39. Expression Profile Using HiCEP

Masumi Abe, Ryutaro Fukumura, Tatsuya Ohhata, Ryoko Araki, Yuki Miyamoto, Can Ismail, Hajime Ohkaze, Hirokazu Takahashi, Yoko Tsutsumi, Yuko Hoki, Akira Fujimori and Toshiyuki Saito

Keywords: transcripts, expression profile, mouse embryonic fibroblast, X-ray irradiation

Cells save themselves and/or their hosts under stressful conditions through various mechanisms, one of which is programmed expression of a subset of genes. A novel technique exhibiting all transcriptional events in a cell would provide a great tool to understand such important mechanisms in life as differentiation and apoptosis. We have previously developed an expression profile system that can detect approximately 80% of the entire transcripts from a minimal size of cell or tissue samples (HiCEP).

This year, we investigated the sensitivity and the reproducibility of this novel strategy. (1) Different amounts of synthesized poly(A)RNA were added to total RNA from budding yeast and a test for detection by HiCEP was performed. The result showed that HiCEP is so sensitive as to be able to detect one copy per cell of the contaminated poly(A)RNA. (2) We performed HiCEP analyses for mouse embryonic fibroblast (MEF) cell samples, which were harvested at 0, 3, 6 and 24 hr after X-ray irradiation (7Gy). More than 200 transcripts exhibited altered levels of expression among approx. 20,000 transcripts detected in the HiCEP analysis. Those included p21 gene, for which expression increased 2-fold in the first 3 hrs after irradiation. Quantitative RT-PCR targeting each individual transcript verified that alteration of expression level by 1.3-fold was reliable in the HiCEP analyses.
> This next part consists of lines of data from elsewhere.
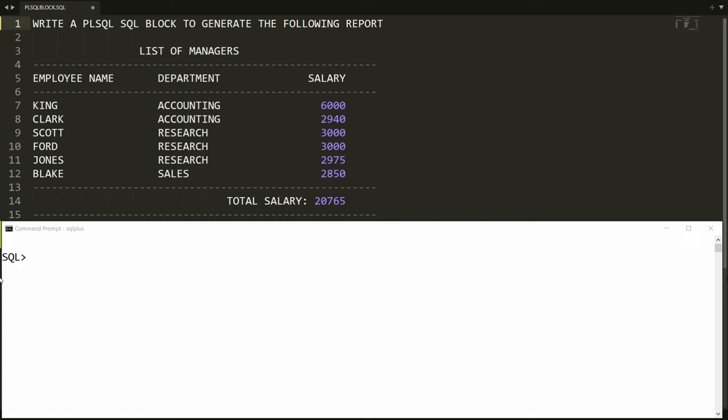Hello all, welcome to my channel. In this video I will write a PL/SQL block to generate a report which displays the list of all managers with their name, department, and salary. First of all I need to get the list of all the managers.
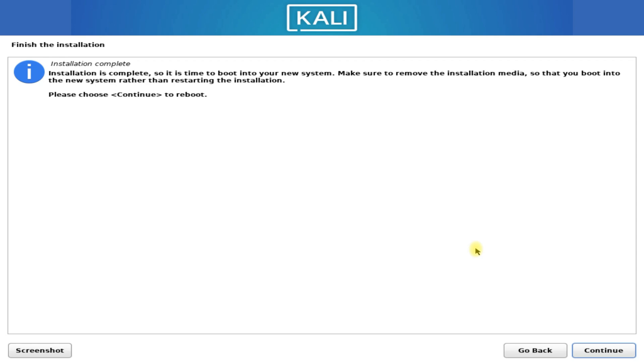Installation is finished successfully. You can continue to reboot to your brand new Kali Linux 2024.4.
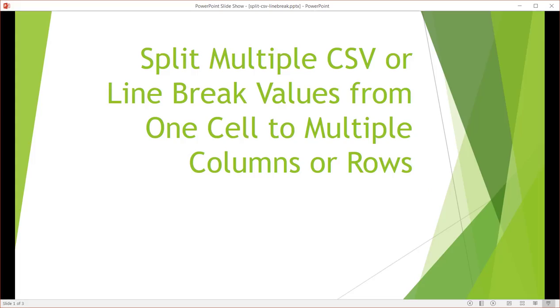Hi, in this video I'll show you how to split multiple CSV or comma separated values or line break values from one cell to multiple columns or rows.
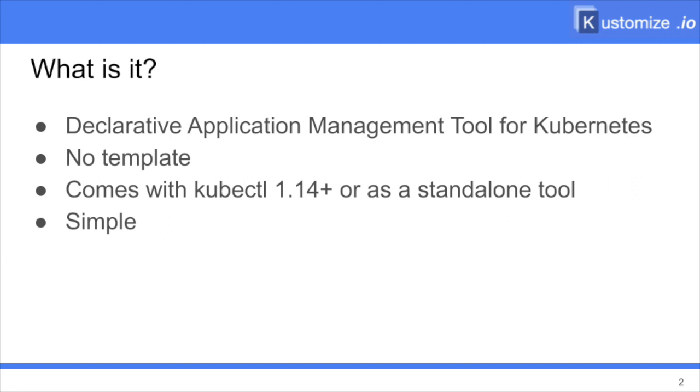In those directories, you put a customization.yml file that is the Kustomize manifest itself. That chooses which one of the different resources you want to put in your customized environment. Then you can apply some patches on those resources to change the values in there. But we'll see that in a minute.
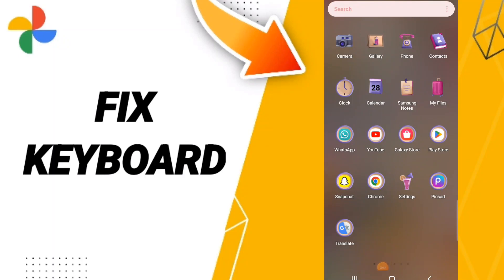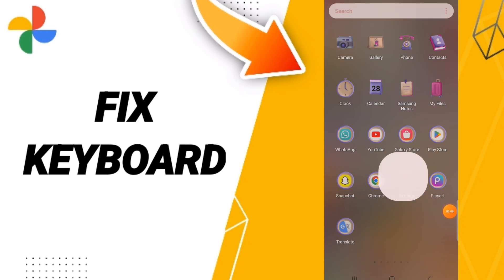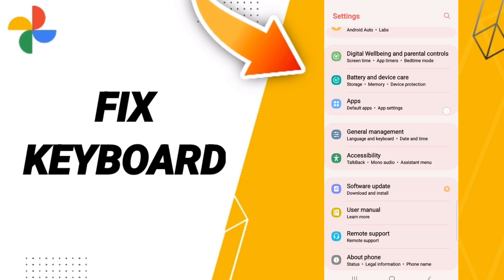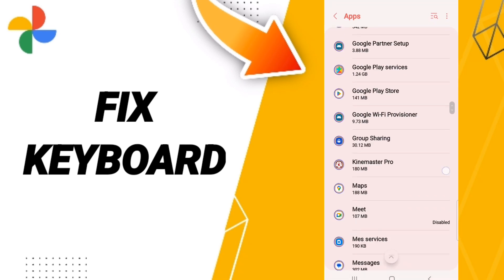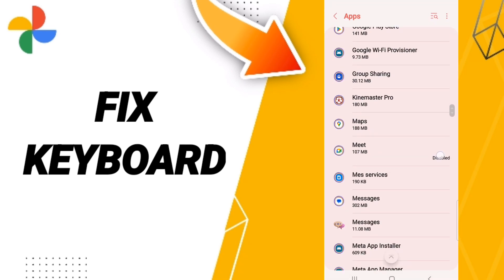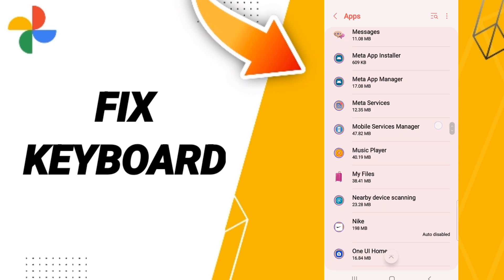Hello everyone, today we'll talk about how to fix or solve your Google Photos. You should just go to Settings here — we click on the full tabs up to Settings. After that you will enter the window of Google Photos.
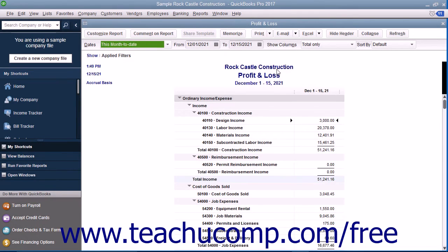The last report we will examine is the statement of cash flows. This report shows the change in the company's cash position for a selected time period. It shows the amount of cash earned from profit, from where additional cash was received, and where the cash was spent.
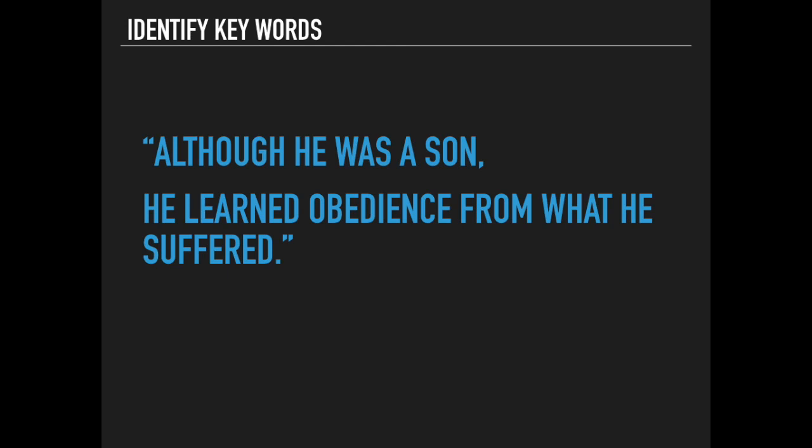Although he was a son—what was the positive? He learned obedience. And then we see the contrary or contrasting statement: from what he suffered.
We also performed expression analysis with MEF's of mice that were deficient in p53 or in ATM. Among 200 of the X-ray associated transcripts, only a subset of the genes was altered in both types of knockout mice, while the majority of them appeared to depend on either p53 or ATM.

Recent development of extensive genome resources is facilitating establishment of a database for the HiCEP analysis. We are now developing software to handle a great amount of HiCEP data more efficiently in order to realize bioinformatics on the HiCEP database. In the future, our HiCEP database should greatly contribute to medical, pharmaceutical and agricultural applications.

Publications:
Fukumura R., Takahashi H., Saito T., Sujino M., Umeda N., Inouye S.T., Tsutsumi Y., Fujimori A., Sato S., Tatsumi K., Araki R. and Abe M. A wide-coverage, highly sensitive gene expression profiling procedure applicable to all eukaryotes. Submitted for publication.